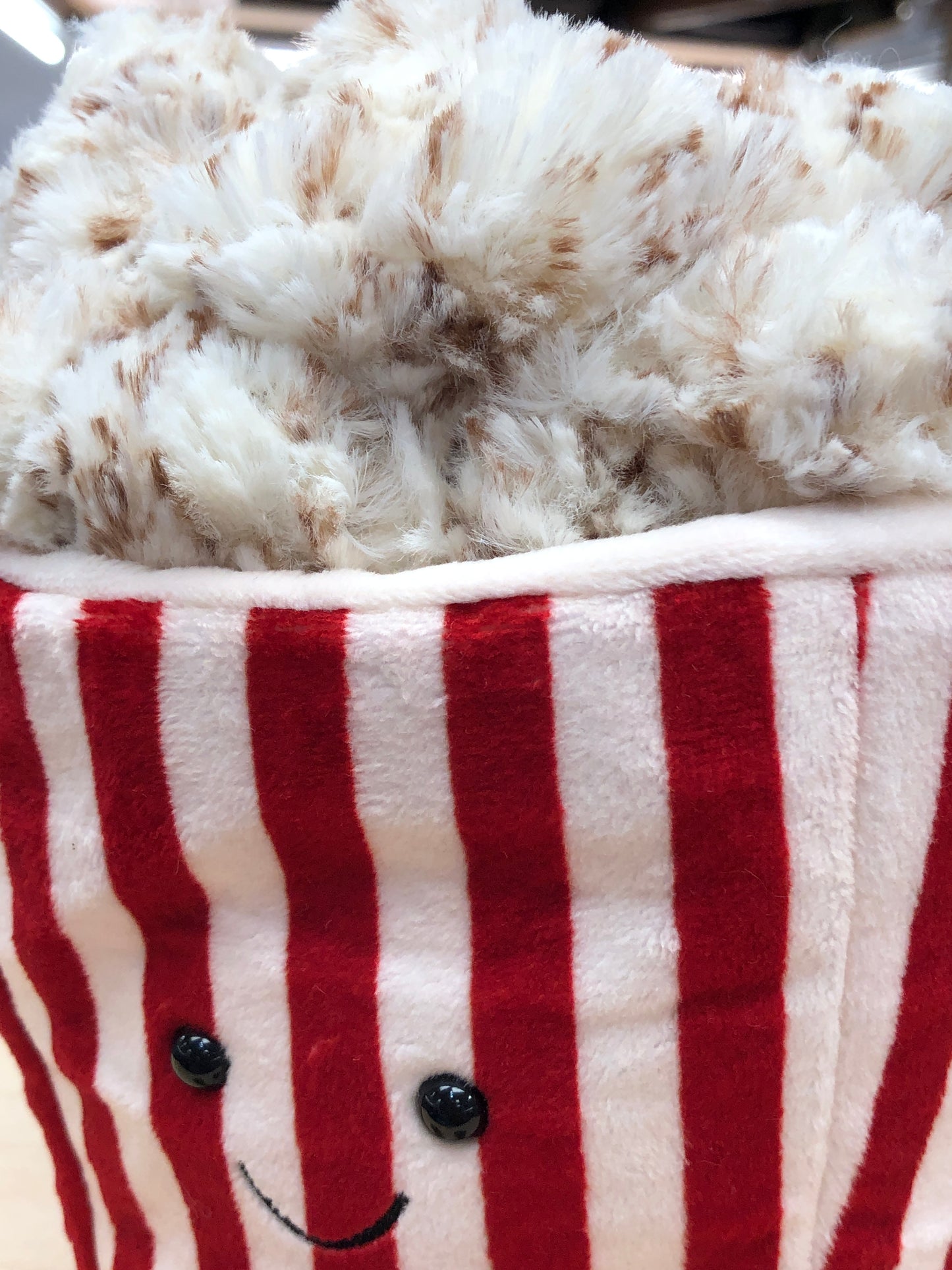 Jellycat Amuseables Popcorn Plush 7"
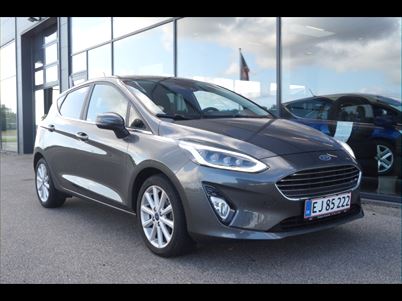 Ford Fiesta EcoBoost mHEV Titanium (2020), 66.000 km, 152.000 Kr.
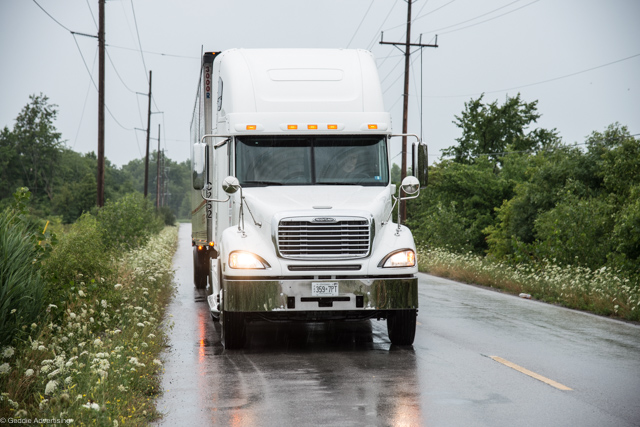 A Day in the Life of a Trucker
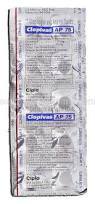 Clopivas Ap 75 Clopidogrel Tablets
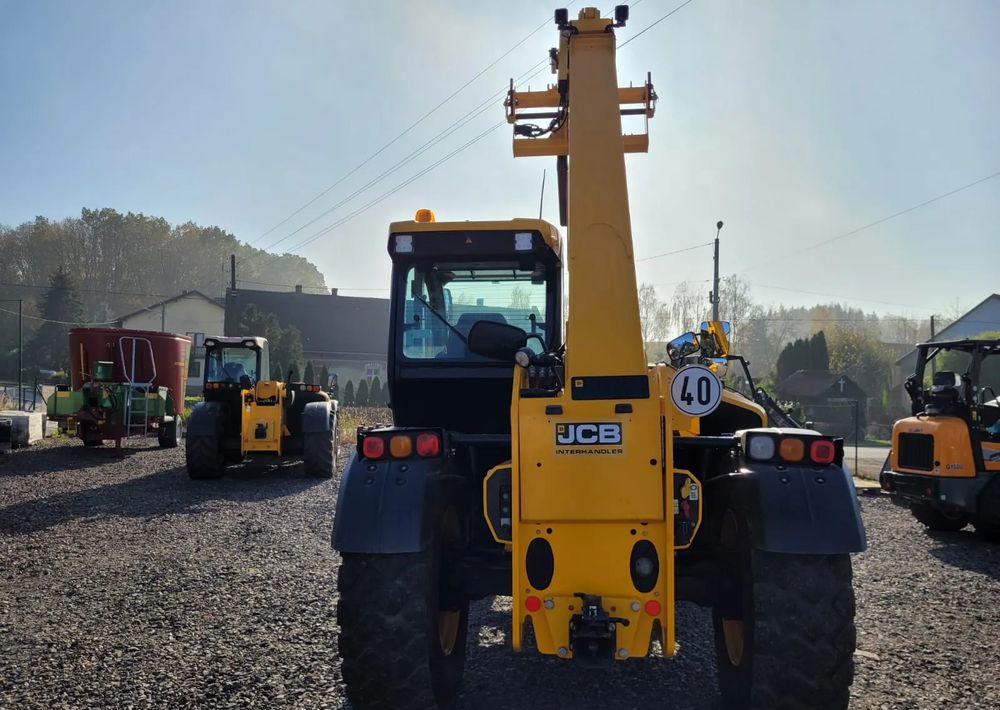 JCB 542-70 - Teleskoplastere: bilde 4 JCB 542-70 - Teleskoplastere: bilde 4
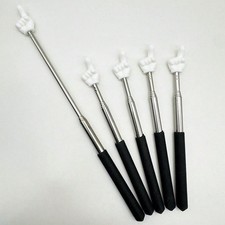 Telescopic Teachers Pointer - 2 Pcs Black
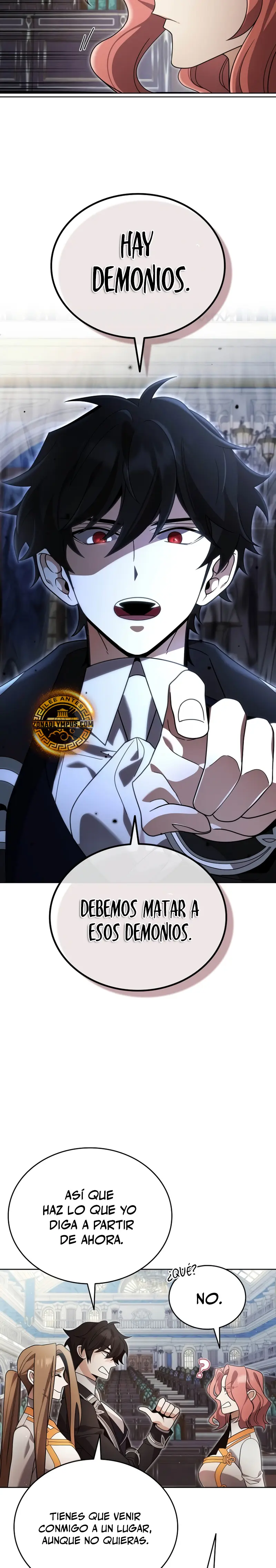 ¿¡Un codicioso convertido en profeta!? Capítulo 20 - Página 15 en español
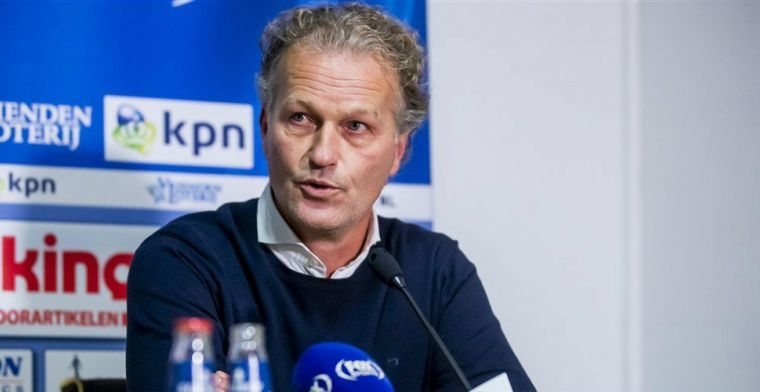 AZ ziet af van assistent en gaat voor grote naam: Ik zag dat niet aankomen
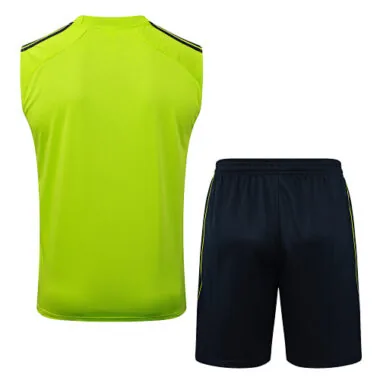 25-26 Real Madrid Sleeveless Training Kits Tracksuits Cheap Football Jersey Wholesale Yupoo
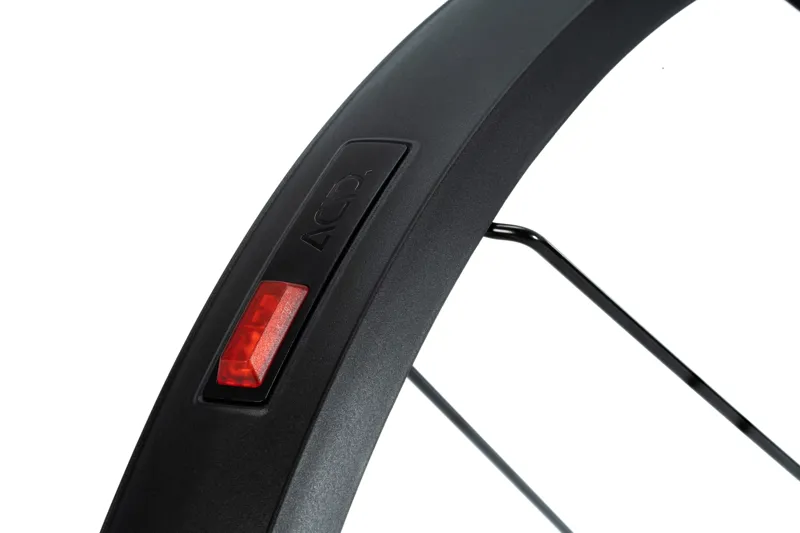 Cube Acid E-Bike PRO-E BES3 Rear Mudguard Light Black-1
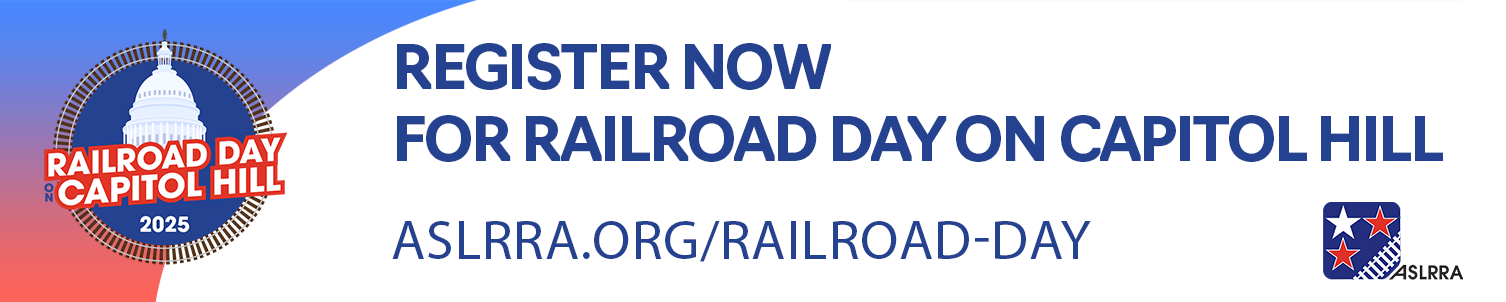 Railroad Day 2025 Banner Ad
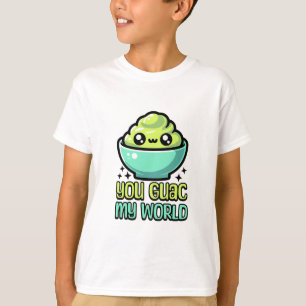 Camiseta ¡Guac Mi Mundo! Cute Guacamole Pun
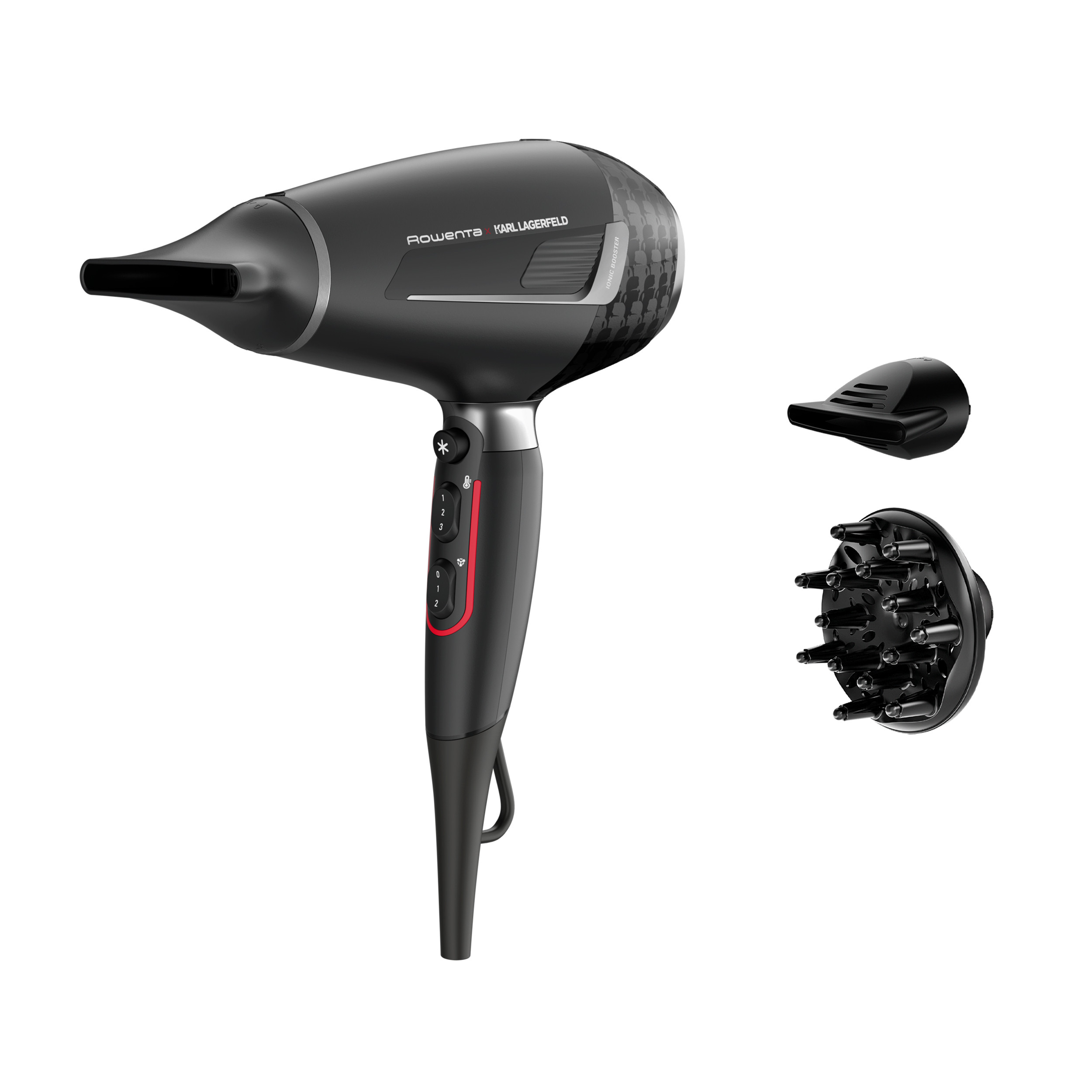 Suszarka do włosów ROWENTA CV 887L - zdjęcie 1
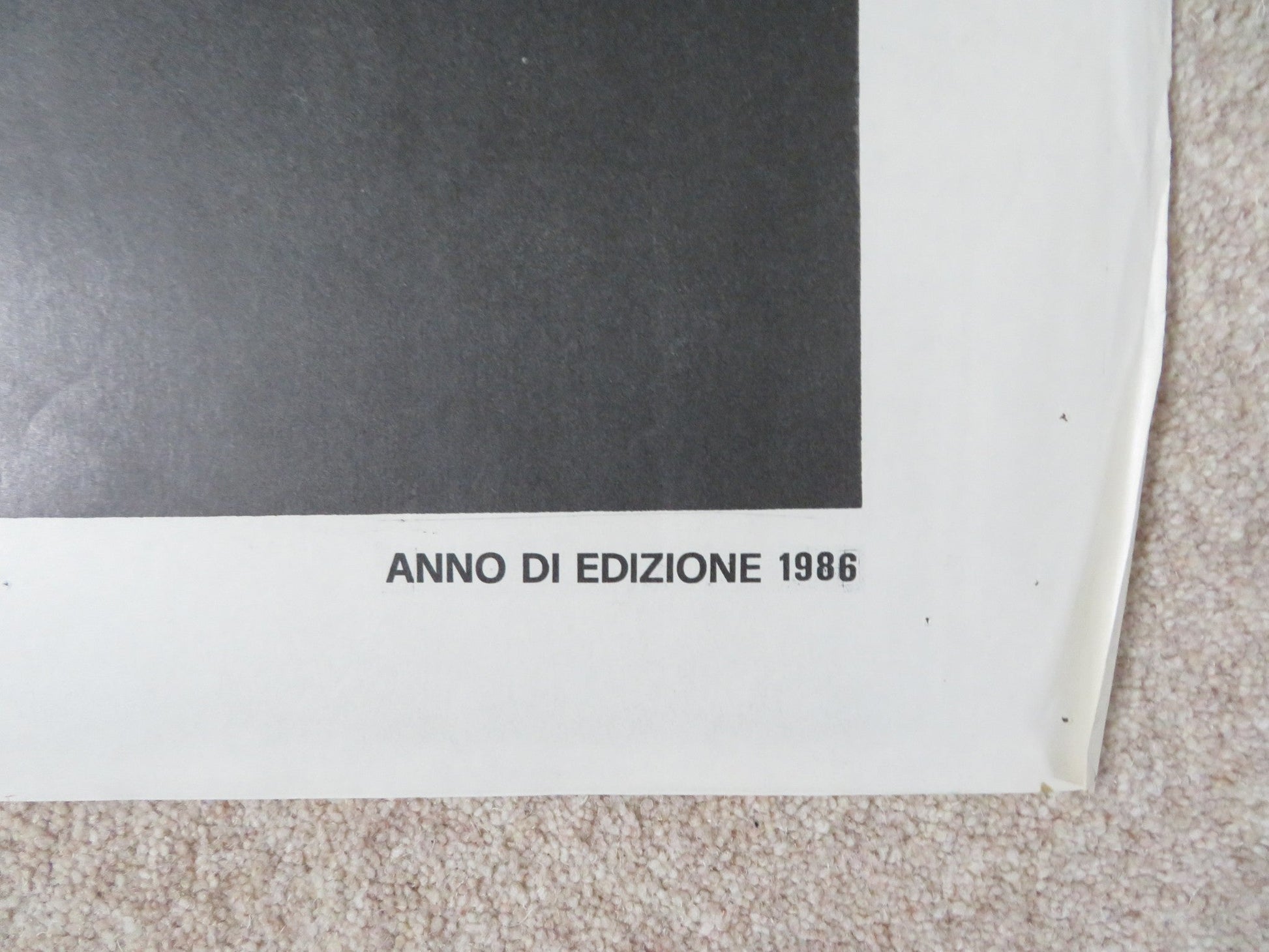THE VENETIAN WOMAN ITALIAN 2 FOGLIO POSTER LAURA ANTONELLI M. GUERRITORE 1986 Rendezvous Cinema Movie posters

> _TASK DIRECTIONS_
Could you write out verbatim only those lines that run from the line containing "Clopivas Ap 75 Clopidogrel Tablets" through the end of the listing above, both included, without the pictures?

> _WORKED SOLUTION_
 Clopivas Ap 75 Clopidogrel Tablets
 JCB 542-70 - Teleskoplastere: bilde 4 JCB 542-70 - Teleskoplastere: bilde 4
 Telescopic Teachers Pointer - 2 Pcs Black
 ¿¡Un codicioso convertido en profeta!? Capítulo 20 - Página 15 en español
 AZ ziet af van assistent en gaat voor grote naam: Ik zag dat niet aankomen
 25-26 Real Madrid Sleeveless Training Kits Tracksuits Cheap Football Jersey Wholesale Yupoo
 Cube Acid E-Bike PRO-E BES3 Rear Mudguard Light Black-1
 Railroad Day 2025 Banner Ad
 Camiseta ¡Guac Mi Mundo! Cute Guacamole Pun
 Suszarka do włosów ROWENTA CV 887L - zdjęcie 1
THE VENETIAN WOMAN ITALIAN 2 FOGLIO POSTER LAURA ANTONELLI M. GUERRITORE 1986 Rendezvous Cinema Movie posters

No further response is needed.